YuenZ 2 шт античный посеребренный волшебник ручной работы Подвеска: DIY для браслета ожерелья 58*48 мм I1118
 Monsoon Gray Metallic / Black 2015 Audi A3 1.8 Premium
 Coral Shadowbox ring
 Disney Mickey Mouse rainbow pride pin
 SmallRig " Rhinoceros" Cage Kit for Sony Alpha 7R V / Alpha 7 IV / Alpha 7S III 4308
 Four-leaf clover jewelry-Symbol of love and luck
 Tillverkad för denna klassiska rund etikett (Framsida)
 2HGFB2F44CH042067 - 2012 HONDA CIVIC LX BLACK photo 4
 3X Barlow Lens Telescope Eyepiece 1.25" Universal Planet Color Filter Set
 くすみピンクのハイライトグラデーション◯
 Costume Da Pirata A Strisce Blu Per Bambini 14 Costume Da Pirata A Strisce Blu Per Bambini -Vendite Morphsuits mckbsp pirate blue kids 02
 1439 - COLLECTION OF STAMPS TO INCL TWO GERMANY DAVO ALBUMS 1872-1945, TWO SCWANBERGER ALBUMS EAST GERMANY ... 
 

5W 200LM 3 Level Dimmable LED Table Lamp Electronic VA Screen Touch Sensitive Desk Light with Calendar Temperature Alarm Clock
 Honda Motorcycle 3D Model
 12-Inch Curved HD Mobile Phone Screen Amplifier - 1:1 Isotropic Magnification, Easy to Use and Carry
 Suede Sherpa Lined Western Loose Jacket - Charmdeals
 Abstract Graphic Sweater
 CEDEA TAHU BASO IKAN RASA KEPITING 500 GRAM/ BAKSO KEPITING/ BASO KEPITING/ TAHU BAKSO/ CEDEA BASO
--
▶ _To do_
Copy all of the data exactly. Skip nothing.

▶ _Solution_
YuenZ 2 шт античный посеребренный волшебник ручной работы Подвеска: DIY для браслета ожерелья 58*48 мм I1118
 Monsoon Gray Metallic / Black 2015 Audi A3 1.8 Premium
 Coral Shadowbox ring
 Disney Mickey Mouse rainbow pride pin
 SmallRig " Rhinoceros" Cage Kit for Sony Alpha 7R V / Alpha 7 IV / Alpha 7S III 4308
 Four-leaf clover jewelry-Symbol of love and luck
 Tillverkad för denna klassiska rund etikett (Framsida)
 2HGFB2F44CH042067 - 2012 HONDA CIVIC LX BLACK photo 4
 3X Barlow Lens Telescope Eyepiece 1.25" Universal Planet Color Filter Set
 くすみピンクのハイライトグラデーション◯
 Costume Da Pirata A Strisce Blu Per Bambini 14 Costume Da Pirata A Strisce Blu Per Bambini -Vendite Morphsuits mckbsp pirate blue kids 02
 1439 - COLLECTION OF STAMPS TO INCL TWO GERMANY DAVO ALBUMS 1872-1945, TWO SCWANBERGER ALBUMS EAST GERMANY ... 
 

5W 200LM 3 Level Dimmable LED Table Lamp Electronic VA Screen Touch Sensitive Desk Light with Calendar Temperature Alarm Clock
 Honda Motorcycle 3D Model
 12-Inch Curved HD Mobile Phone Screen Amplifier - 1:1 Isotropic Magnification, Easy to Use and Carry
 Suede Sherpa Lined Western Loose Jacket - Charmdeals
 Abstract Graphic Sweater
 CEDEA TAHU BASO IKAN RASA KEPITING 500 GRAM/ BAKSO KEPITING/ BASO KEPITING/ TAHU BAKSO/ CEDEA BASO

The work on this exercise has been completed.